With every studio recording, live album or tour announcement, there’s always a faction of fans who will turn up on a corner of the internet waving their ‘No Jon Anderson, No Yes’ banners. Their zeal is only matched by the nearby counter-demonstration shaking their ‘No Peter Banks, No Yes’ placards.
But time and events have moved on and maybe the ‘No Anderson’ contingent should too. In the aftermath of the singer’s unceremonious departure 15 years ago, we’ve since lost Chris Squire and Alan White, a stark reminder, should it be needed, that life is really too short to spend time grinding gears over something we have no control over. Rather than exercising well-worn prejudices and allowing expectations to become self-fulfilling prophecies, isn’t it better to approach a new album with an open mind?
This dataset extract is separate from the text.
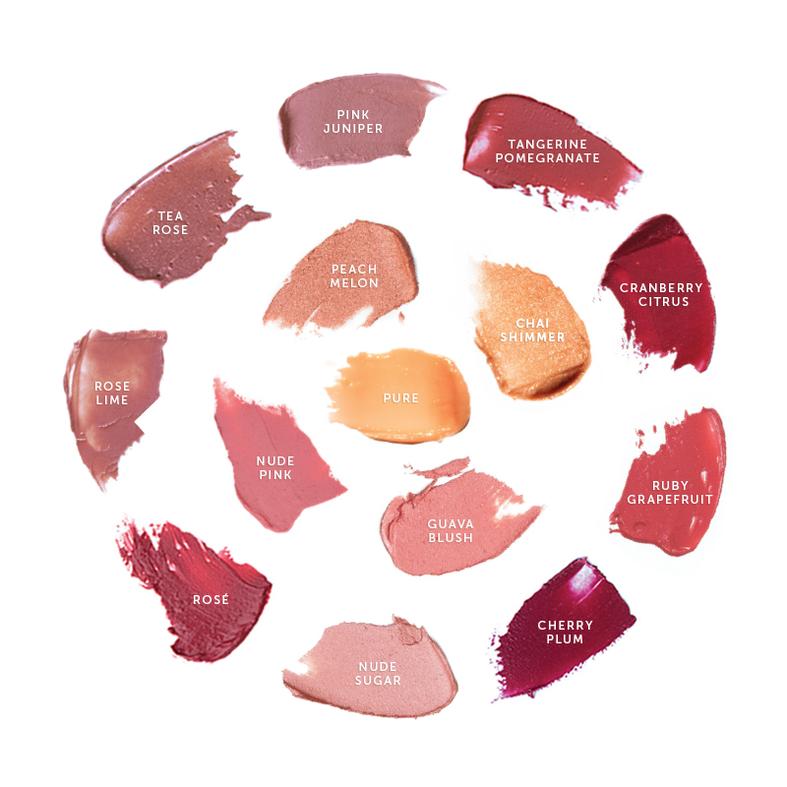 LUK Lip Nourish’s - LUK Beautifood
If 2021’s The Quest represented a return to some kind of form after the bland torpor of 2014’s Heaven & Earth, Mirror To The Sky feels like another useful step forward in Yes’ apparently never-ending story. There’s a good reason they released Cut From The Stars as a digital single ahead of the album: it has more hooks in it than an angler’s bag. With a cascading string motif; vibrant rays of organ; spiky, undulating bass; bubbling guitars; dead-ahead drumming and ecstatic skipping vocals, it moves with determined energy and purpose. Setting out the stall of a band that have now been fully rejuvenated with the installation of drummer Jay Schellen, it’s a track that has urgency and power in abundance. Or, to put it another way, it fucking rocks.
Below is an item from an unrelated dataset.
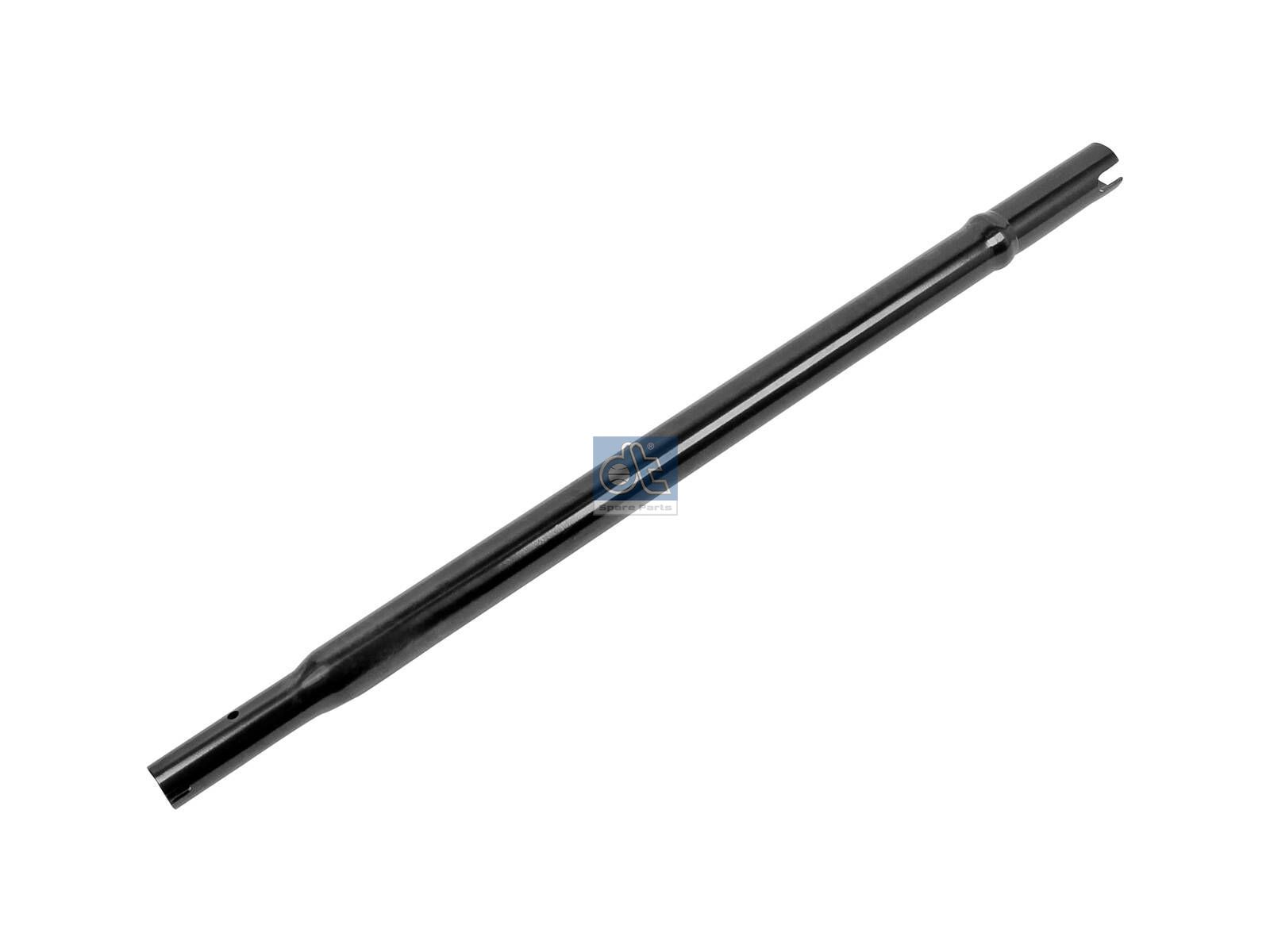 DT Spare Parts 2.88020 Rod, hydraulic jack, d: 22 mm, d1: 17 mm, L: 560 mm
Those catchy qualities continue with All Connected – its expansive feel seamlessly unrolls from one section to another, making the musical connectivity work with consummate ease. While taking disparate elements and welding them into something functional and cohesive is pretty much what Yes are best known for, there’s an argument that it’s not been done as elegantly as this for quite some time. If the chorus of Luminosity sounds, at times, like it might have been rejected by the local Christian Fellowship for being too happy-clappy, it’s at least bookended with an engagingly upbeat arrangement. The same cannot be said for the plodding dreariness of Living Out Their Dream, an unimaginative rocker whose by-the-numbers presence here is baffling.
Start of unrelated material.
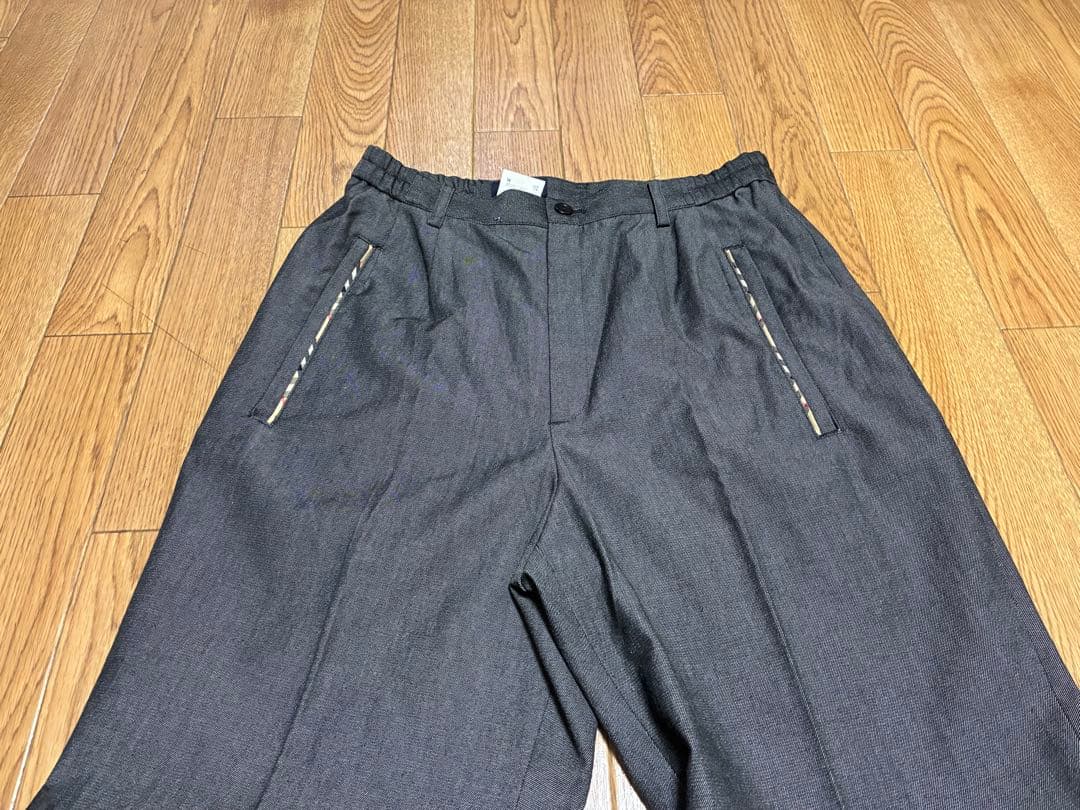 バーバリーゴルフ　ストレッチパンツ　BURBERRY GOLF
That lapse of judgement is mercifully brief and the title track restores momentum. The piece showcases orchestral embellishments by Paul K Joyce, whose work also graced The Quest. Mid-tempo rather than magisterial, it nevertheless works well, with ethereal violin harmonics adding a chilly trail in the wake of Howe’s contemplative fretwork. The guitarist’s soloing throughout the track is especially good. At 75 years old he might have slowed down in comparison to the flash of his youth, but he demonstrates the wisdom of knowing that, in this case, a leaner, cleaner melodicism will serve the song all the better. As principal soloist and producer, Howe is ultimately free to overdub as many guitars onto a track as he sees fit without fear of anyone telling him otherwise, yet here he opts for a restrained approach that benefits the album overall.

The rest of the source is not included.